#### PROBLEM DESCRIPTION:
Your job is to set down the stretch of entries that opens with the line containing "Cacique Pants - Cacique" and closes with the line containing "Studded Crew Neck Sweatshirt". Keep both end lines, copy each exactly, and add nothing.

#### THE INPUT:

———

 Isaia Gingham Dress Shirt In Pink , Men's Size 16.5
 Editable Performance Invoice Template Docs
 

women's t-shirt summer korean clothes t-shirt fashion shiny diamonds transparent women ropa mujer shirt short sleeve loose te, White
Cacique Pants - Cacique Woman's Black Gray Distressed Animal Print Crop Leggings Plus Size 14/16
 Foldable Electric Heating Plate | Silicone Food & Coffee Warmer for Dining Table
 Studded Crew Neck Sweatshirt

———

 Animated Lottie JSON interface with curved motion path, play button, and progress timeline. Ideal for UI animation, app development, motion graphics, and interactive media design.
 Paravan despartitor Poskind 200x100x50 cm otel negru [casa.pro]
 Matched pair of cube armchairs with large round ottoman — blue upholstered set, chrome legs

———

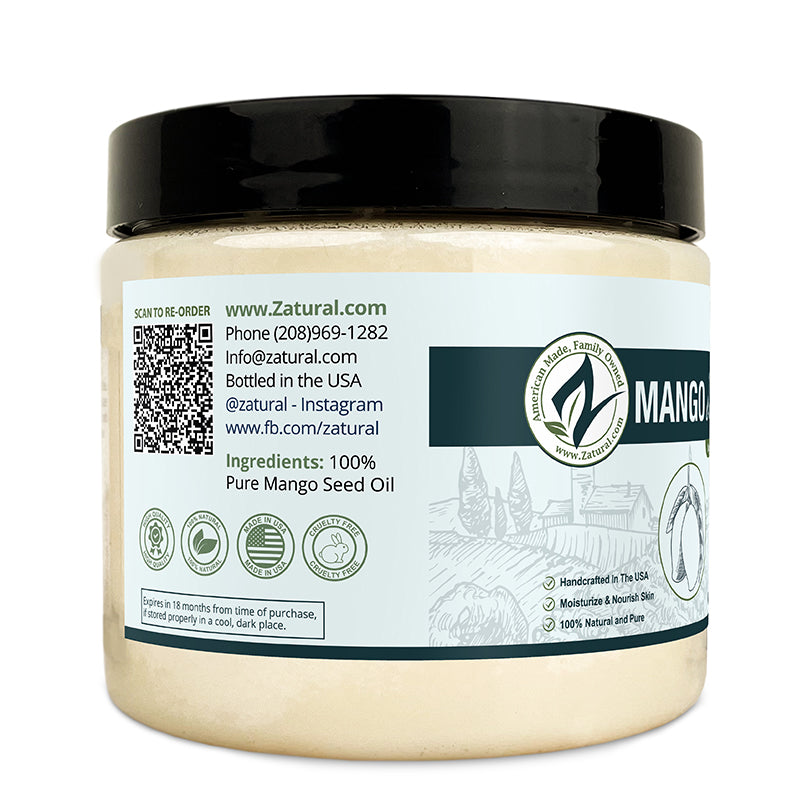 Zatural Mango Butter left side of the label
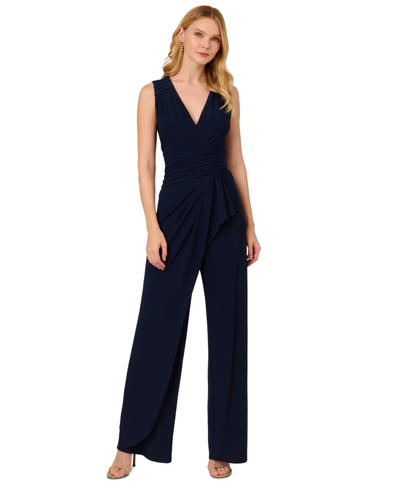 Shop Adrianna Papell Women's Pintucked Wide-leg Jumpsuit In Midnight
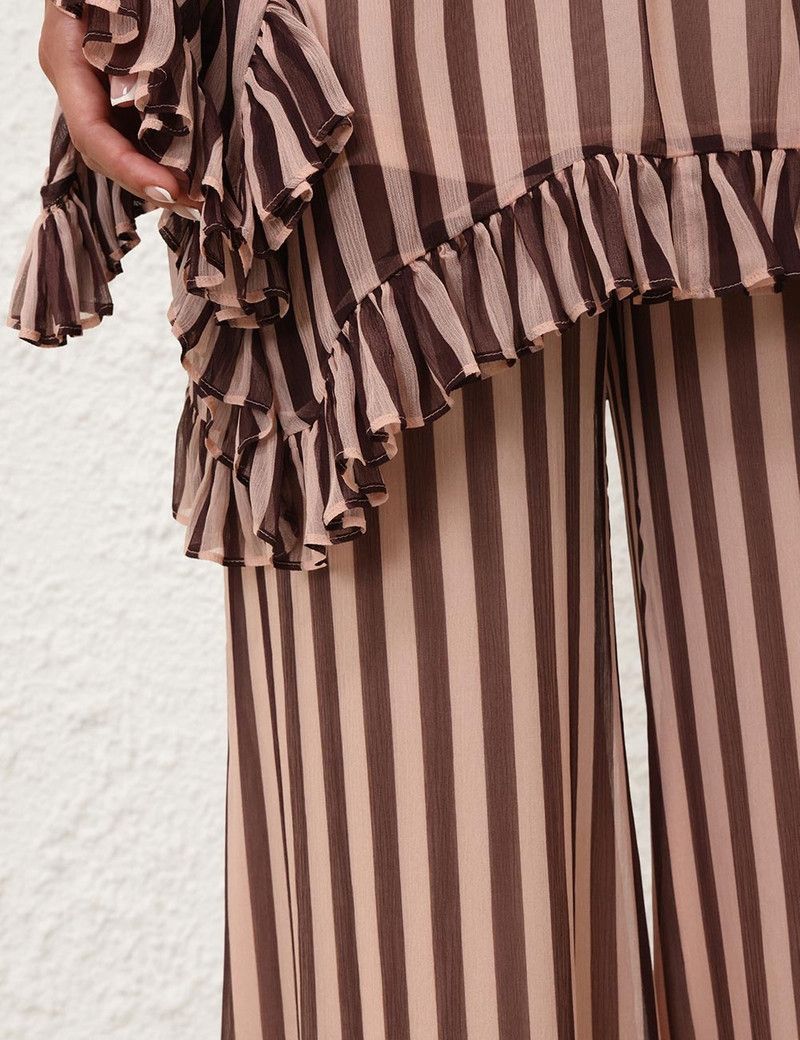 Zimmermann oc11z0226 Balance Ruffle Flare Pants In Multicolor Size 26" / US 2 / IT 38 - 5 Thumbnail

———

#### OUTPUT BELOW:
Cacique Pants - Cacique Woman's Black Gray Distressed Animal Print Crop Leggings Plus Size 14/16
 Foldable Electric Heating Plate | Silicone Food & Coffee Warmer for Dining Table
 Studded Crew Neck Sweatshirt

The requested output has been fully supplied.